Start of Available records

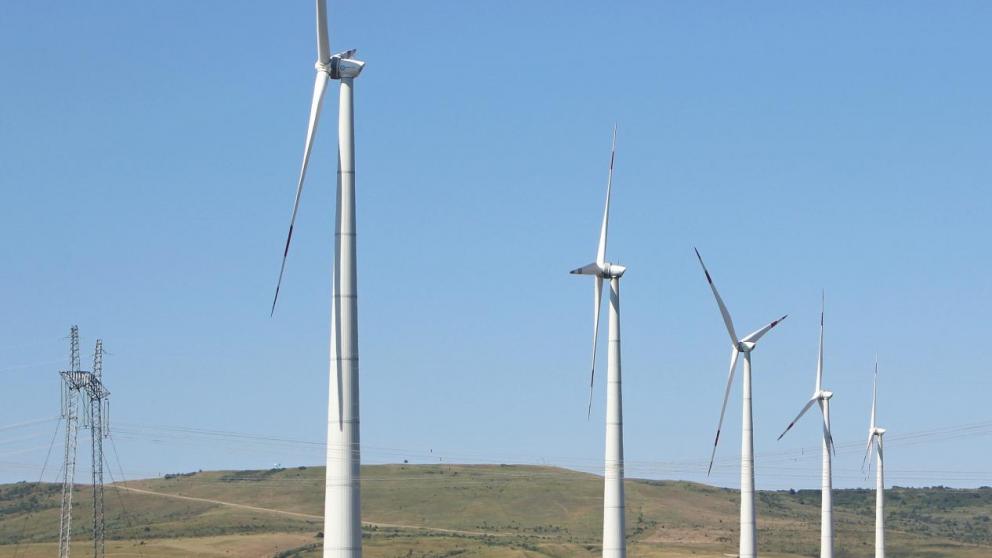 Кочубеевский округ Ставрополья хотят сделать самой зелёной территорией России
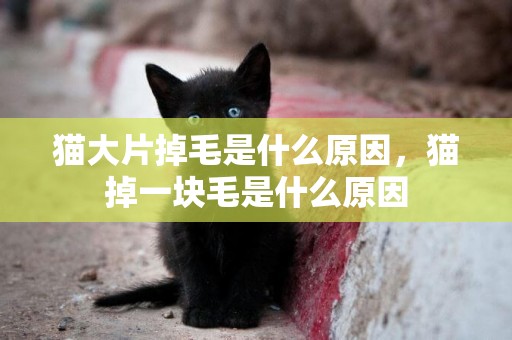 貓大片掉毛是什么原因，貓掉一塊毛是什么原因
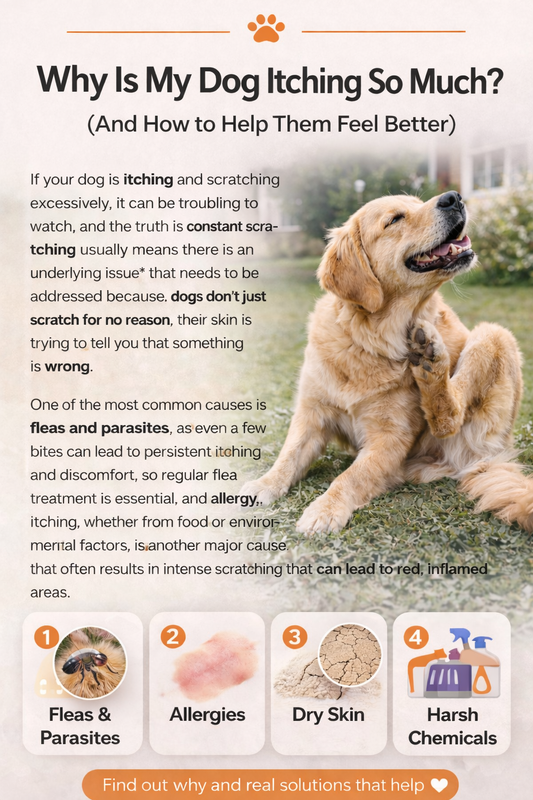 Why Is My Dog Itching So Much? (And How to Help Them Feel Better)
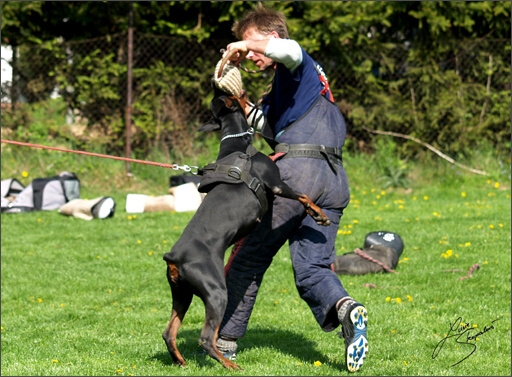 Dogs in training 5/2008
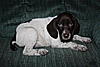 German Shorthair Puppies for Sale-img_3637-koffee-7wks.jpg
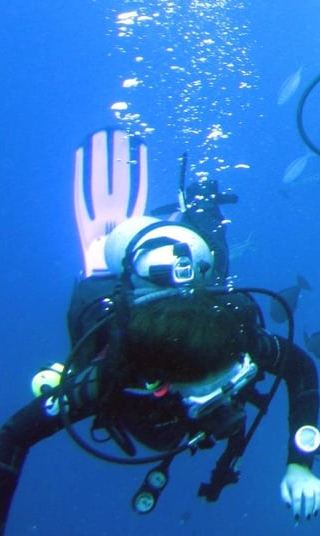 2D1N • Mactan: PADI Open Water Diver Certification Course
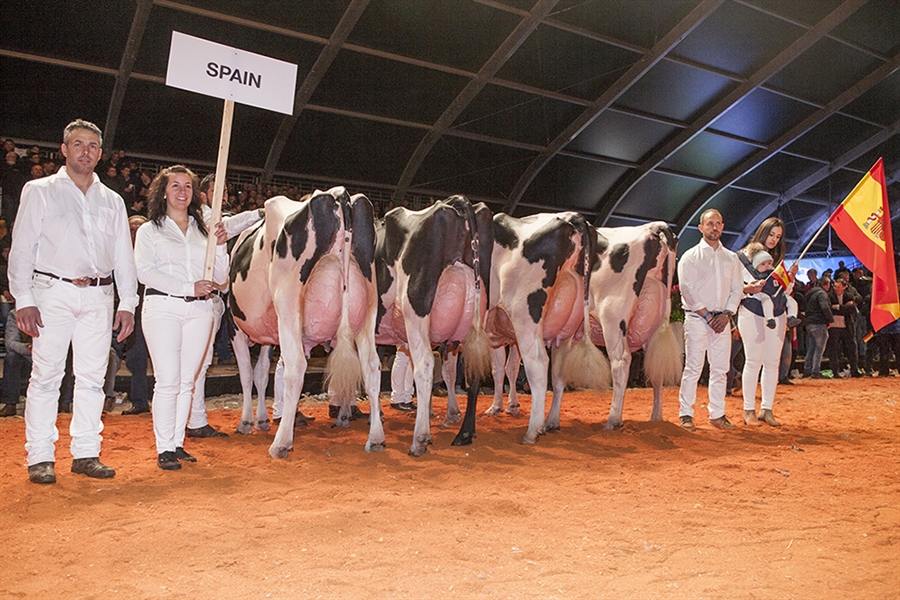 Cancelado el Campeonato Holstein Europeo 2022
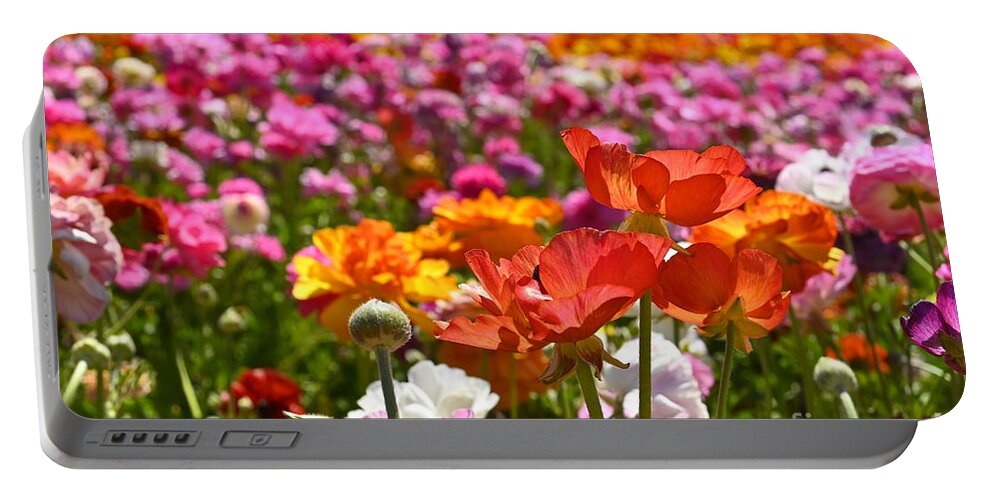 Flowers Portable Battery Charger featuring the photograph Beautiful Spring Flowers by Rich Cruse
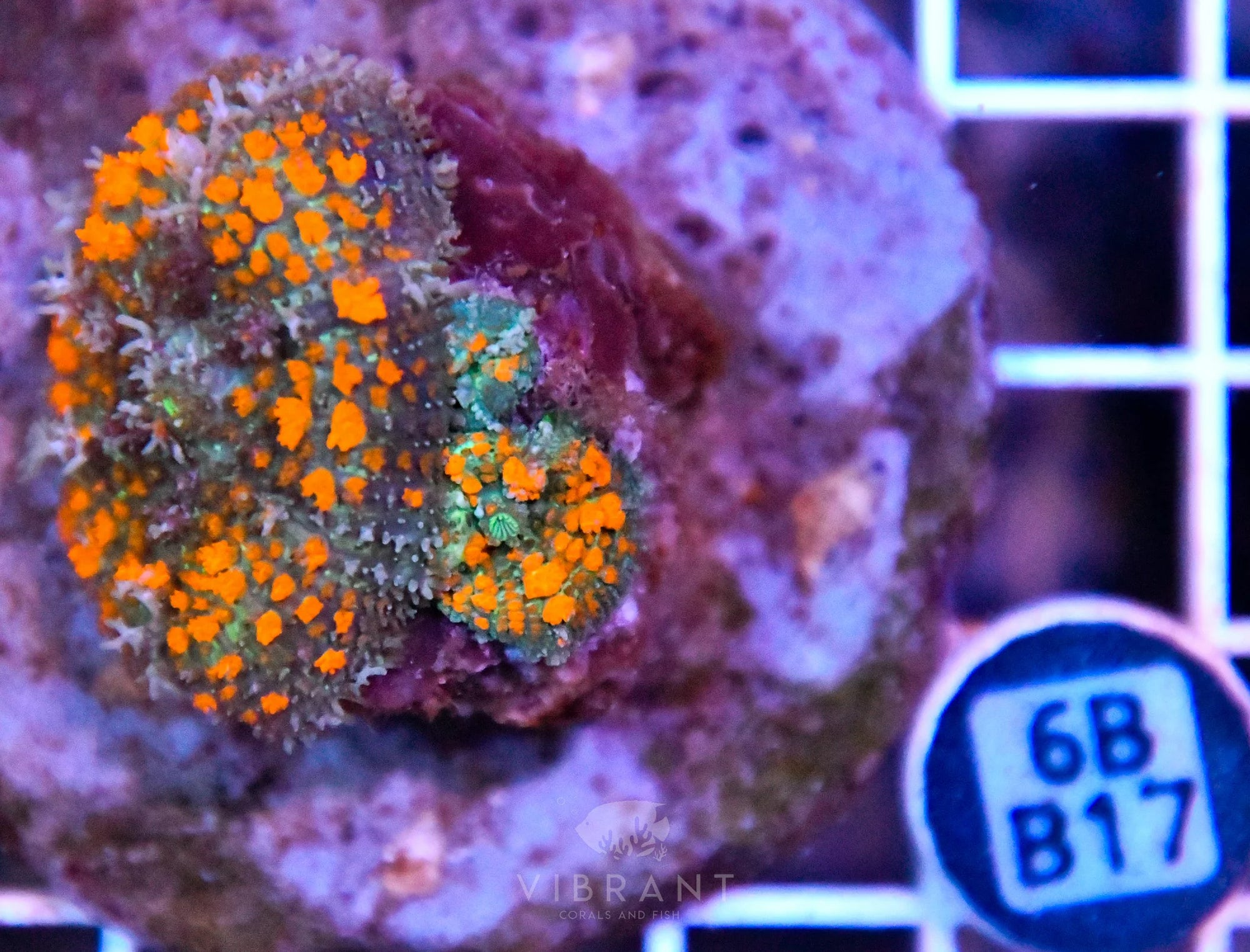 Mushroom INDO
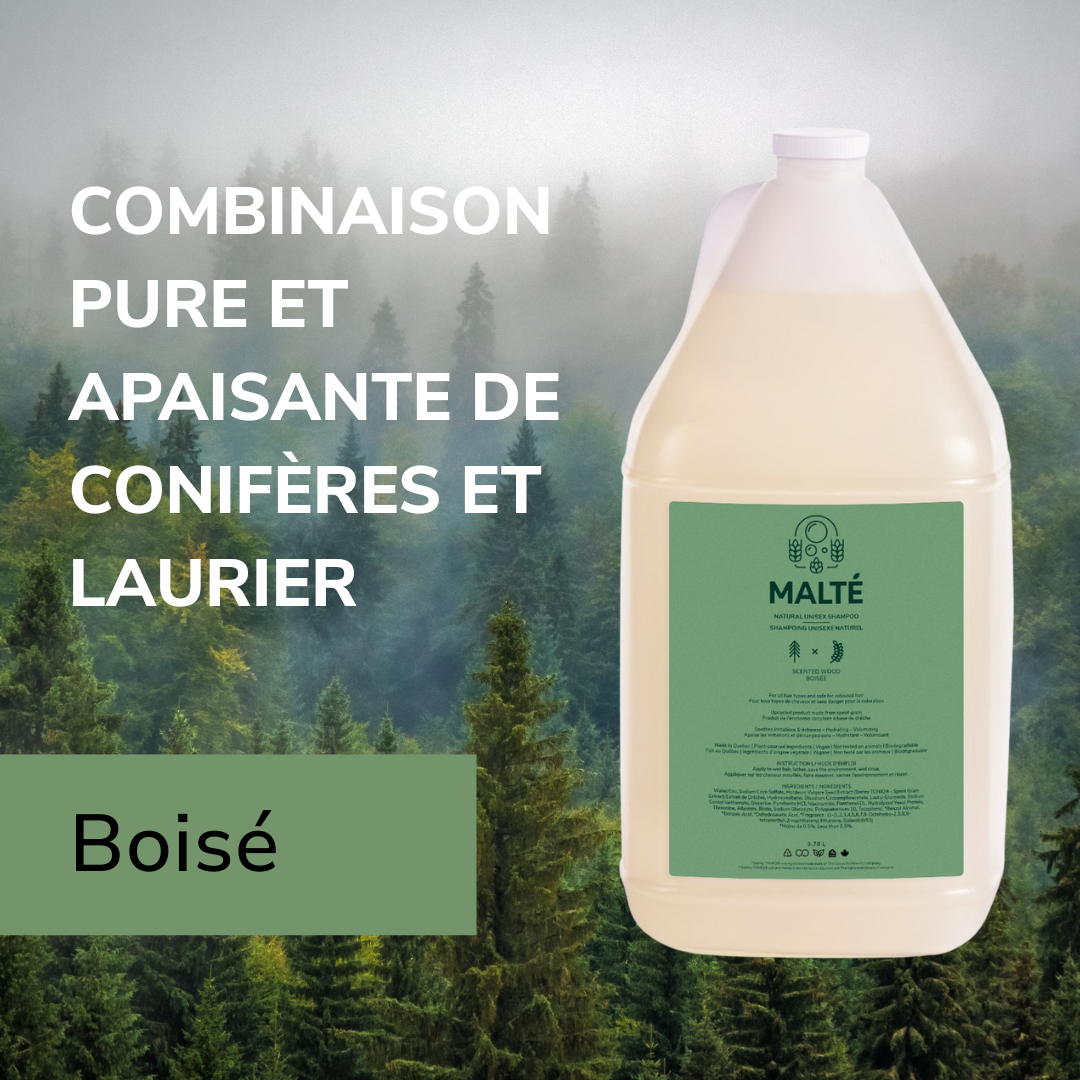 Shampoing naturel unisexe hydratation et volume (Boisé) - 3.78L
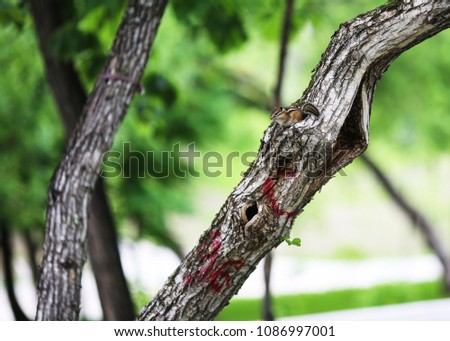 Chipmunk on the branch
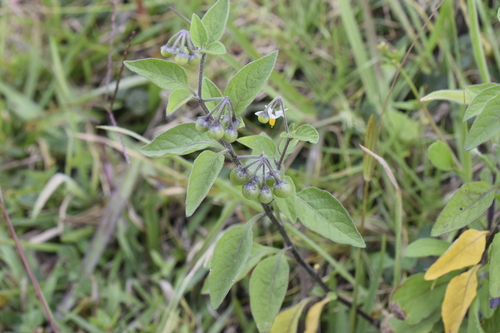 Solanum nigrum image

End of Available records

◆ What is being asked
All that is needed is an exact copy of the lines from the line with "Shampoing naturel unisexe" through the end of the listing, both ends included, with no pictures.

◆ Output of the task
 Shampoing naturel unisexe hydratation et volume (Boisé) - 3.78L
 Chipmunk on the branch
 Solanum nigrum image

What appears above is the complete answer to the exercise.